図画工作美術教育の大切さを訴えるLinkIcon

 公立中学校の美術教師をしてますので、その立場からの発言です。
 今、中学校3年生の授業で「命の形」という抽象彫刻で小さな石を彫っているのですが、彼らなりに一生懸命石を彫っている姿を見ると尊い姿だなと思います。かわいいです。生意気な口をききますが。
授業の中で1週間に1時間子どもが命のことを、ふと考えながら、美しい形を自らの手でつくり出そうとしています。
 一般の方々には美術というと、上手に描いたり、つくったりするための時間と思われがちですが、全国でこのような授業は多数されています。
 とりわけ3年生で自画像に取り組むことが多いのですが、描く事を通して自己を見つめることになるわけです。
 思春期の難しい時期にこのような授業は他の教科ではありません、あるとしたら国語でしょうが、受験の方がどうしても優先されてしまいます。やはり中学生が自分について考える、自己との対話をする、この時間は外せません。
 選択教科にしてしまえば、これは一部の生徒の体験でしかなくなります。
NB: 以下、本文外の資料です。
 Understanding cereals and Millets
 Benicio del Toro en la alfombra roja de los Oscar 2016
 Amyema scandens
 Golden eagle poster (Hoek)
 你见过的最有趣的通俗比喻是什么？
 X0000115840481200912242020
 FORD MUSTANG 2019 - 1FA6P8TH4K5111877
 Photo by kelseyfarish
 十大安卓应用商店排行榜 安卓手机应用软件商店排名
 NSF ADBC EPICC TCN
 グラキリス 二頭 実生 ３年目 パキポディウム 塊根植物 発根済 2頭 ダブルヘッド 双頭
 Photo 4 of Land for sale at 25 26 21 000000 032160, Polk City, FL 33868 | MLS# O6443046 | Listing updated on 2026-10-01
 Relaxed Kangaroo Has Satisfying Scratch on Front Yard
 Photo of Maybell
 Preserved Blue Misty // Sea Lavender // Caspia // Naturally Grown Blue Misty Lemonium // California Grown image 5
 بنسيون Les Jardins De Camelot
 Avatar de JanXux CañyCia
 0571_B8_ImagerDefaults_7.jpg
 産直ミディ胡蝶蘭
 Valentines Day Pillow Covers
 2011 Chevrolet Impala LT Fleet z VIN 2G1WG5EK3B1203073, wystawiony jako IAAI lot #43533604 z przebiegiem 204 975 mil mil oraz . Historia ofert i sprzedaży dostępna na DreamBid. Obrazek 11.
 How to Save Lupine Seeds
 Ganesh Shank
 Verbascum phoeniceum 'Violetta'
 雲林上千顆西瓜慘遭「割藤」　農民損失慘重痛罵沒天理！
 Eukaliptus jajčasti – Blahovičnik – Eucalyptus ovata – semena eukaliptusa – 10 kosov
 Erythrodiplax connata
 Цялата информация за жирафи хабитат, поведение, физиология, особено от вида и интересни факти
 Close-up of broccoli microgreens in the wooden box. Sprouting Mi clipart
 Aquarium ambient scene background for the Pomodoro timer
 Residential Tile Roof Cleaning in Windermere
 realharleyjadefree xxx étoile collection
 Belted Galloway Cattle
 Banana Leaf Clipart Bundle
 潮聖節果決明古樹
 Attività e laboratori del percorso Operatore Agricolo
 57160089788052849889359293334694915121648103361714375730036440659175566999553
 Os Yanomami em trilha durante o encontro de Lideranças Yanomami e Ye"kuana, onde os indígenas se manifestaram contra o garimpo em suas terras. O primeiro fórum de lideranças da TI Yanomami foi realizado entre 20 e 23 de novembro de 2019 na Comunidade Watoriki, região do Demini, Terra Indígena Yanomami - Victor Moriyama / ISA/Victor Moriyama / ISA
生徒全員が取り組んでこそと思っています。美術は単に「癒し」とか「趣味」の世界ではありません。自己を見つめる貴重な時間でもあります。たとえ、それが大人から見て稚拙と思われる表現であっても、誠実に取り組む姿の中に大きな価値があります。この時間を無くしてから、あとで大事だったと気がついても遅いと思うのです。
 例えば子どもが自画像を描いていてこんな言葉を残しています。「描いているとき、どんどん自分に素直になってく感じがした。なんでかは、未だにわかんないけど。」「他の人の作品を見ると、その人の気持ちも伝わって来た。」
 自分も他者も大事にする心は表現と鑑賞の活動の中によって養われていきます。それはテストの点数などでは示すことはできません。
 ここに述べた事は美術教育の果たすべき役割のほんの一端にすぎませんが。

(山崎正明・48歳・中学校美術教師・北海道 北広島市)



自画像制作で「過ち」払拭。

 下の文章は「読売新聞」に掲載させていただいたコラムから転載したものです。限られた字数ですから、「自分という人間の存在証明」という題材名は使っていません。

 3年の最後の美術の授業は毎年、卒業制作として「自画像」を描いている。これは単に表面上を描くのではなく、自分を見つめ、内面を描こうというのが狙いだ。
 その授業でB男のことが強く印象に残っている。野球部で活躍していた彼は、美術の授業はどちらかというと消極的で、絵画表現でも苦手意識を持っていた。
 しかし、この最後の授業では、いち早く主題が決まったようで、珍しく私に質問してきた。ところがその内容は「自画像の背景にたばこのパッケージを描いてもいいですか?」というものだった。意図を聞くと、こう答えた。「ほら、2年生の時、事件起こしちゃったでしょ」
 それは、野球部の仲間との喫煙行為を指していた。当時のB男は一度道から外れかかったが、顧問教師の熱い思いに触れたこともあり、その後また野球に打ち込むようになった。
 B男は美術の授業中、自分の顔を鏡で見ながら、何度も何度も手を加えていた。描いた絵を離れて見ては、また描き直す。そんな感じだった。そしてできあがった作品。背景には薄汚れたユニホームとたばこが描かれていた。その暗い背景と対照的に、自画像の表情は笑顔で、しっかりとこちらを向いている。とても明るい色で、見ている私が元気をもらえるような絵となった。
 彼自身「最高の作品ができました!」と言い切った。絵を描くことを通して、B男は心の中にあった引っかかりを払拭(ふっしょく)し、これからの希望や夢を絵のなかの表情に込めたのだ。
 中学校の授業の中で、自己をじっくり見つめる機会は意外と少ない。自分自身をしっかり見つめる機会をつくることの大切さを改めて、B男から教えてもらった。「美術を通した人間教育」と言われるが、まさにその通りだと感じた。